__Information__.
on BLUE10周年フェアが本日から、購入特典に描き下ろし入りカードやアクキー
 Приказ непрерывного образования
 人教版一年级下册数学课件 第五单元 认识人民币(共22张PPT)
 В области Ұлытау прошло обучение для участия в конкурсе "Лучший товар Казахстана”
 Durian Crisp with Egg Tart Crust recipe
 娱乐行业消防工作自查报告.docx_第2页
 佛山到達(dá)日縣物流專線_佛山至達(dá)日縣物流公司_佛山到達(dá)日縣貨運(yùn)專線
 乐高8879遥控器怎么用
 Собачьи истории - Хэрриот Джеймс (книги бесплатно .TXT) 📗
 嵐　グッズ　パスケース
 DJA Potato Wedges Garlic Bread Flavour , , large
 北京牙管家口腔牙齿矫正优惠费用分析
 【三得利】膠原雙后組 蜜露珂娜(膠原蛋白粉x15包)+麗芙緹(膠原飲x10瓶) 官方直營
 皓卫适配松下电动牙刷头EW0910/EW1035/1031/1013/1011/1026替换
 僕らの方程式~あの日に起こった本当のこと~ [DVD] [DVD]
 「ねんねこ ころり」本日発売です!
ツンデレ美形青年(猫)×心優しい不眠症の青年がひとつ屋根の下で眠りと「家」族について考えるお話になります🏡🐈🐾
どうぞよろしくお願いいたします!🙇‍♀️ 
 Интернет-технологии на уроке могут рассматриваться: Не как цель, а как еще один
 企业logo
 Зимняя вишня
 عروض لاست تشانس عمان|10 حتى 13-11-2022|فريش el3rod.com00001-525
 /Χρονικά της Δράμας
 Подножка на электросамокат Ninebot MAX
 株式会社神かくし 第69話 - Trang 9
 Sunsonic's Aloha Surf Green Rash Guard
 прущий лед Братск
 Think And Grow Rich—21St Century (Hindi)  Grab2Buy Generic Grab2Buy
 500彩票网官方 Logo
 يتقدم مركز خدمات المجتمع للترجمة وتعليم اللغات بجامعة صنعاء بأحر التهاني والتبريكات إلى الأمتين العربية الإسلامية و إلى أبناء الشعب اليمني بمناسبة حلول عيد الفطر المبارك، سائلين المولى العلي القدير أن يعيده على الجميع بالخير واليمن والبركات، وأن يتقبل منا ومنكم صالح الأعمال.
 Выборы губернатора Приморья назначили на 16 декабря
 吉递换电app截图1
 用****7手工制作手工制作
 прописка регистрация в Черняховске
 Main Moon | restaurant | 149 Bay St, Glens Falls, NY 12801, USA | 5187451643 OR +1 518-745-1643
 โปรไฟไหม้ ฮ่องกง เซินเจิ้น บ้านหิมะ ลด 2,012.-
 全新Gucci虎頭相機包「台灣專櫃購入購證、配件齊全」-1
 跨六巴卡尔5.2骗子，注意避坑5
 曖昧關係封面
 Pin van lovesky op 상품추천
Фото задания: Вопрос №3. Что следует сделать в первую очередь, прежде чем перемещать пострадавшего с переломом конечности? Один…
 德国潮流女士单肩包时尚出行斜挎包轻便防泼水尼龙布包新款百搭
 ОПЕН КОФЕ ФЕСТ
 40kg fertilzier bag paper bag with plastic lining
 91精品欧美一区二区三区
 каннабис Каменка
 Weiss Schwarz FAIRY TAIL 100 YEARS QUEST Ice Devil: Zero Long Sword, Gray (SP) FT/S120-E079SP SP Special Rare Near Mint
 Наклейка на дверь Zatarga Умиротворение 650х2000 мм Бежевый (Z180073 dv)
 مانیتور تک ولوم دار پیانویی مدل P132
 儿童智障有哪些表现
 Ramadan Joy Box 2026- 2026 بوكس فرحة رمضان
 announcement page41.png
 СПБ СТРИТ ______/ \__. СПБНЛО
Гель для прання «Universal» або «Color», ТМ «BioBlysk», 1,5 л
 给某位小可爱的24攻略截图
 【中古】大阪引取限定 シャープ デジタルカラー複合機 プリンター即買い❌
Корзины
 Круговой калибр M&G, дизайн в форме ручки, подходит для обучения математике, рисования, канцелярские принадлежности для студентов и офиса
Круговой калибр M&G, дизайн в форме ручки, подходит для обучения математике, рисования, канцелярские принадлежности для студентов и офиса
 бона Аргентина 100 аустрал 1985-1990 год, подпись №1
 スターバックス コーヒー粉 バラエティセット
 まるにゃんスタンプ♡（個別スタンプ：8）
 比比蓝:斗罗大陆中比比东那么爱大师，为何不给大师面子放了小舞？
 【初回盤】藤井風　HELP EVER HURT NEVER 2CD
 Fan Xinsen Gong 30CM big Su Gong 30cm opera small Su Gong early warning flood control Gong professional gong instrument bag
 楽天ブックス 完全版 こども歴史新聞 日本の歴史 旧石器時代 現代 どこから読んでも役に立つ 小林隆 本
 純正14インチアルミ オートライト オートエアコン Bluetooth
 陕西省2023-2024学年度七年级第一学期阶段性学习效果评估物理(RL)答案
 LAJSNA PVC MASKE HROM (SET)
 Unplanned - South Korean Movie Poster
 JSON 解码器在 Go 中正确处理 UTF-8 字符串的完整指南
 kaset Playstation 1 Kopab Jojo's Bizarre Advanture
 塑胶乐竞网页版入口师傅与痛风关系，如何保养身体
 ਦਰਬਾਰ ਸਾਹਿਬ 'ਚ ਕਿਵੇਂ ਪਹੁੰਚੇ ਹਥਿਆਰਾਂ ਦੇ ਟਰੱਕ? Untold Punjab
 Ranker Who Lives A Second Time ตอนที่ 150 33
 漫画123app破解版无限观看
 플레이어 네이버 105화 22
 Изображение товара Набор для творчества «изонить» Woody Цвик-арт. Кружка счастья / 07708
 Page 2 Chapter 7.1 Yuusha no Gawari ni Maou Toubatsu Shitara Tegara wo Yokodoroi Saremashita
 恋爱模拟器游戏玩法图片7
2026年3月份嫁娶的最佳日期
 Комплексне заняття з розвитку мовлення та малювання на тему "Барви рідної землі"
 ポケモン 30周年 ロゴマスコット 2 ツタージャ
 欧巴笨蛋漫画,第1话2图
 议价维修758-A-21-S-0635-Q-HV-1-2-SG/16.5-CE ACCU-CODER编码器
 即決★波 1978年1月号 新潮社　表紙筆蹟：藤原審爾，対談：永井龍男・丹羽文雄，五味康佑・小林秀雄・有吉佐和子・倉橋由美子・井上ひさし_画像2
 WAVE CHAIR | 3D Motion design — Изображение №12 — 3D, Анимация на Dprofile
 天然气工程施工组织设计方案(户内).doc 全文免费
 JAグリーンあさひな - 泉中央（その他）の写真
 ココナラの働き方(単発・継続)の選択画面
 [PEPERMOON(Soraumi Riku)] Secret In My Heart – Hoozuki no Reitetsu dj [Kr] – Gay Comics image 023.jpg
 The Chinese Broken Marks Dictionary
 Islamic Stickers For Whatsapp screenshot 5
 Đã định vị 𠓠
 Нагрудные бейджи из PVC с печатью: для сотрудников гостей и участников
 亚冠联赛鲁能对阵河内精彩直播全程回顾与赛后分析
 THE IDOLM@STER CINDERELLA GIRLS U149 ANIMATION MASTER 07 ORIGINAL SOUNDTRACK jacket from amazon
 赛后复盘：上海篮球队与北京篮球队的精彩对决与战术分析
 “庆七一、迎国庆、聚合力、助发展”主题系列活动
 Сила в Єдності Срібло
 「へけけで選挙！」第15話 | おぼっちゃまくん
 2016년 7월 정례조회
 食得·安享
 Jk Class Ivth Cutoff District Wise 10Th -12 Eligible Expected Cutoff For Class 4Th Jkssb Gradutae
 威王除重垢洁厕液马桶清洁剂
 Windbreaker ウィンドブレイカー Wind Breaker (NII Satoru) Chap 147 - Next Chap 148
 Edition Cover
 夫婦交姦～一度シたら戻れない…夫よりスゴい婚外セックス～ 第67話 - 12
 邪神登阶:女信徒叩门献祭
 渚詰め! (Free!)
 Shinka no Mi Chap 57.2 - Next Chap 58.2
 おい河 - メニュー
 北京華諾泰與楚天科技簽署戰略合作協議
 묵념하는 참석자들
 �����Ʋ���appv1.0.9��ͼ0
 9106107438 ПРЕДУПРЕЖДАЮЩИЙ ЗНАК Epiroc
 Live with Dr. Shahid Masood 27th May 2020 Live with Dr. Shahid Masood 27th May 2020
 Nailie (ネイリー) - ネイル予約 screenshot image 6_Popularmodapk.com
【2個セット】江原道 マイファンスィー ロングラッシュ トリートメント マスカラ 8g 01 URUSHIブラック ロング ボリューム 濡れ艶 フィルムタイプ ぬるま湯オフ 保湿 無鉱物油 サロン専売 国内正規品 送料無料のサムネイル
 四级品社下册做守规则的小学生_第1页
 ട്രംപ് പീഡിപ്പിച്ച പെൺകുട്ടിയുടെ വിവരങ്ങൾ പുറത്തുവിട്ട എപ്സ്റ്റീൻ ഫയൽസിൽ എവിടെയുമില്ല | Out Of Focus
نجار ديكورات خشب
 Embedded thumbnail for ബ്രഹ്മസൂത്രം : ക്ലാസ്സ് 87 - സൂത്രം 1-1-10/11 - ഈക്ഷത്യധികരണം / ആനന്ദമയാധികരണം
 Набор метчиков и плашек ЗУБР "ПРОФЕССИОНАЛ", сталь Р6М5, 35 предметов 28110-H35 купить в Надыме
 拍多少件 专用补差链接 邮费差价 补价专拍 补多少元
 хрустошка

__Activity__. Please copy the lines above from the line with "Гель для прання" up to and including the line with "欧巴笨蛋漫画,第1话2图", exactly as written and with nothing else.

__Problem solution__.
Гель для прання «Universal» або «Color», ТМ «BioBlysk», 1,5 л
 给某位小可爱的24攻略截图
 【中古】大阪引取限定 シャープ デジタルカラー複合機 プリンター即買い❌
Корзины
 Круговой калибр M&G, дизайн в форме ручки, подходит для обучения математике, рисования, канцелярские принадлежности для студентов и офиса
Круговой калибр M&G, дизайн в форме ручки, подходит для обучения математике, рисования, канцелярские принадлежности для студентов и офиса
 бона Аргентина 100 аустрал 1985-1990 год, подпись №1
 スターバックス コーヒー粉 バラエティセット
 まるにゃんスタンプ♡（個別スタンプ：8）
 比比蓝:斗罗大陆中比比东那么爱大师，为何不给大师面子放了小舞？
 【初回盤】藤井風　HELP EVER HURT NEVER 2CD
 Fan Xinsen Gong 30CM big Su Gong 30cm opera small Su Gong early warning flood control Gong professional gong instrument bag
 楽天ブックス 完全版 こども歴史新聞 日本の歴史 旧石器時代 現代 どこから読んでも役に立つ 小林隆 本
 純正14インチアルミ オートライト オートエアコン Bluetooth
 陕西省2023-2024学年度七年级第一学期阶段性学习效果评估物理(RL)答案
 LAJSNA PVC MASKE HROM (SET)
 Unplanned - South Korean Movie Poster
 JSON 解码器在 Go 中正确处理 UTF-8 字符串的完整指南
 kaset Playstation 1 Kopab Jojo's Bizarre Advanture
 塑胶乐竞网页版入口师傅与痛风关系，如何保养身体
 ਦਰਬਾਰ ਸਾਹਿਬ 'ਚ ਕਿਵੇਂ ਪਹੁੰਚੇ ਹਥਿਆਰਾਂ ਦੇ ਟਰੱਕ? Untold Punjab
 Ranker Who Lives A Second Time ตอนที่ 150 33
 漫画123app破解版无限观看
 플레이어 네이버 105화 22
 Изображение товара Набор для творчества «изонить» Woody Цвик-арт. Кружка счастья / 07708
 Page 2 Chapter 7.1 Yuusha no Gawari ni Maou Toubatsu Shitara Tegara wo Yokodoroi Saremashita
 恋爱模拟器游戏玩法图片7
2026年3月份嫁娶的最佳日期
 Комплексне заняття з розвитку мовлення та малювання на тему "Барви рідної землі"
 ポケモン 30周年 ロゴマスコット 2 ツタージャ
 欧巴笨蛋漫画,第1话2图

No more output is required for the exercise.